» **TRY IT**
Give again only the lines from the line that holds "girls embroidery design" to the end of the data, inclusive, omitting all pictures.

» **INFORMATION SHOWN**
####################

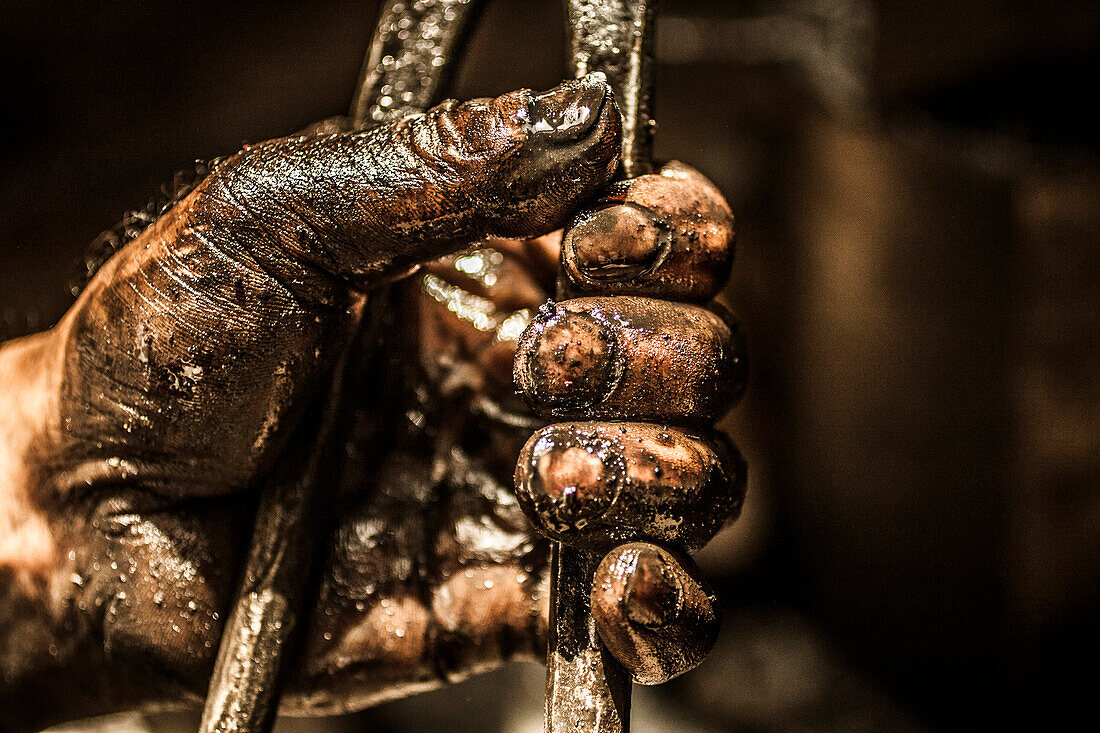 Man's hand covered with grease and oil while holding on to a tool.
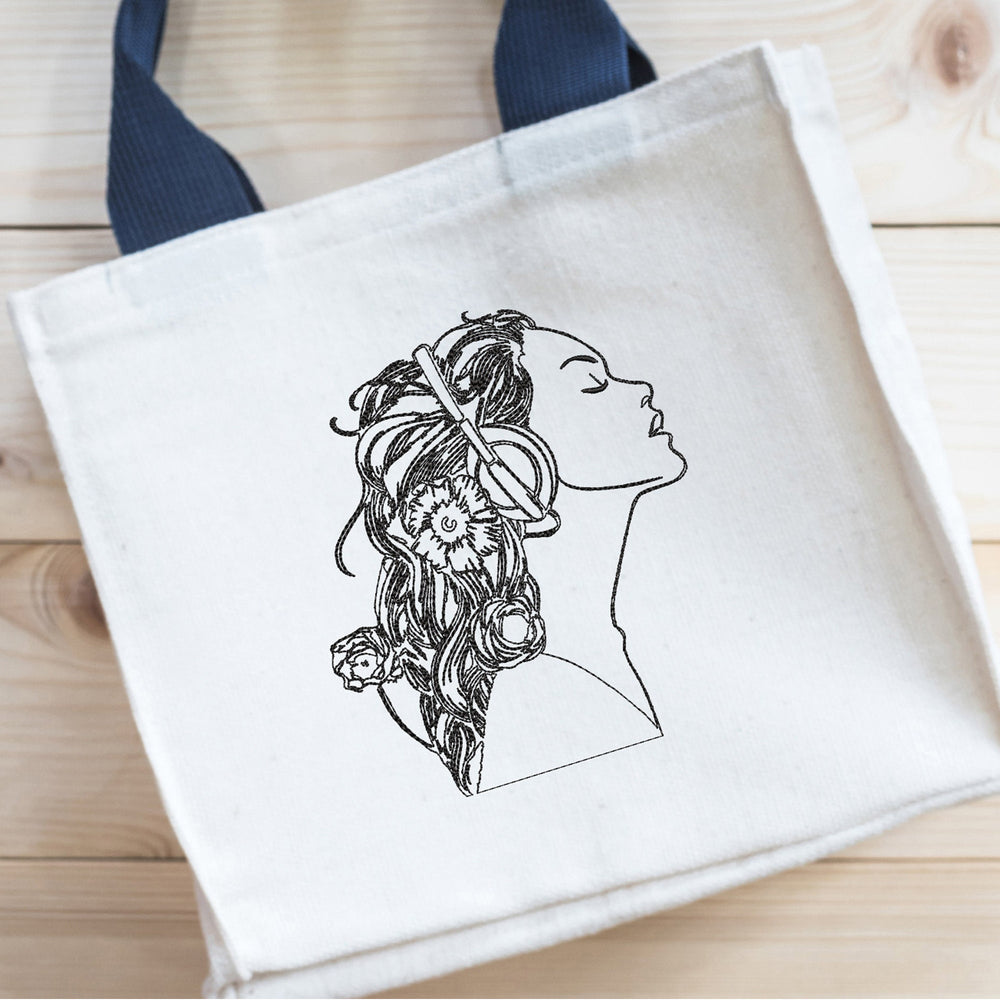 girls embroidery design stitched as a woman face line art on a tote bag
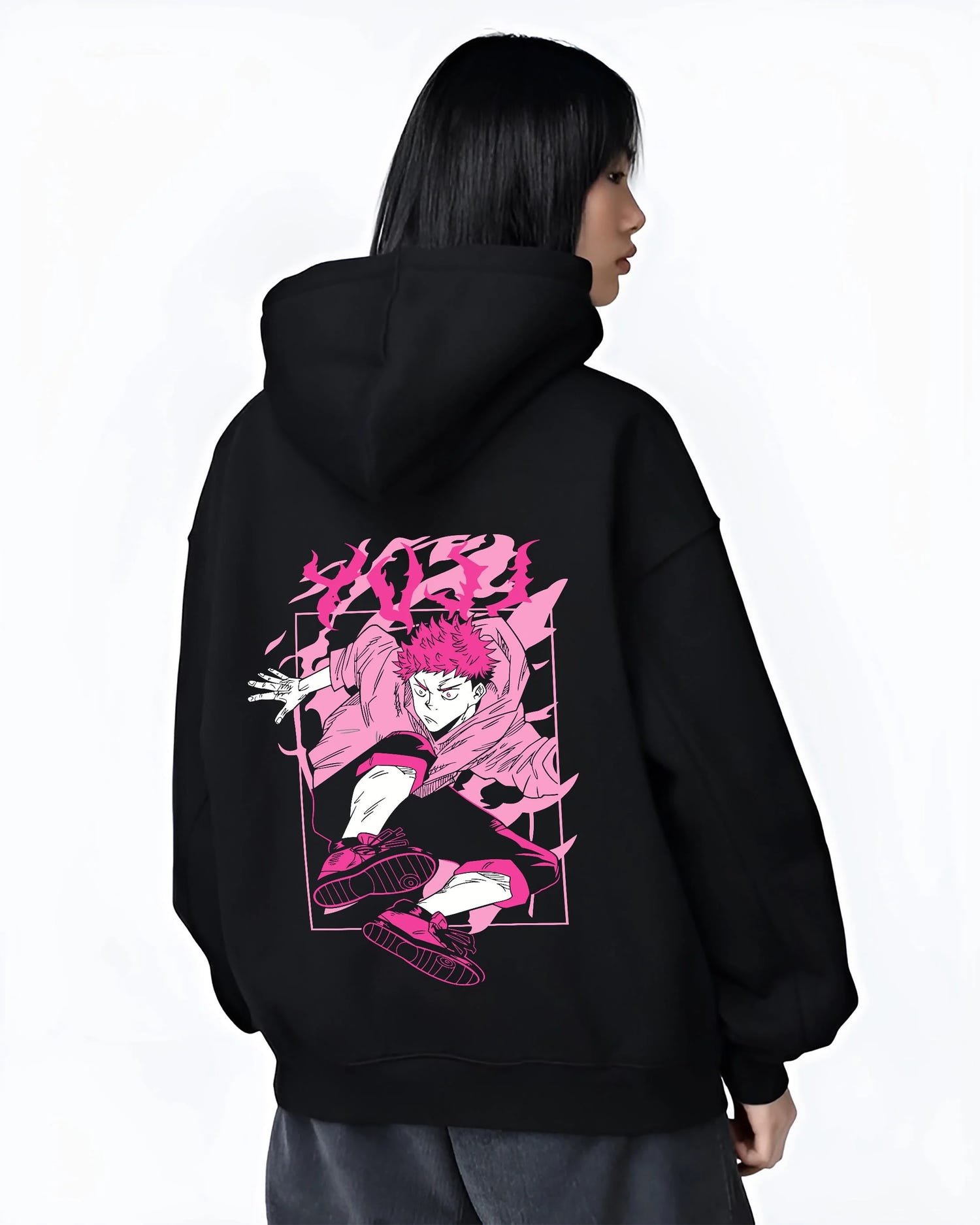Black hoodie worn by female model, back view with Jujutsu Kaisen Hoodie Yuji Itadori Dynamic Jump Jumper graphic bold anime graphic.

####################

» **RESPONSE BOX**
 girls embroidery design stitched as a woman face line art on a tote bag
Black hoodie worn by female model, back view with Jujutsu Kaisen Hoodie Yuji Itadori Dynamic Jump Jumper graphic bold anime graphic.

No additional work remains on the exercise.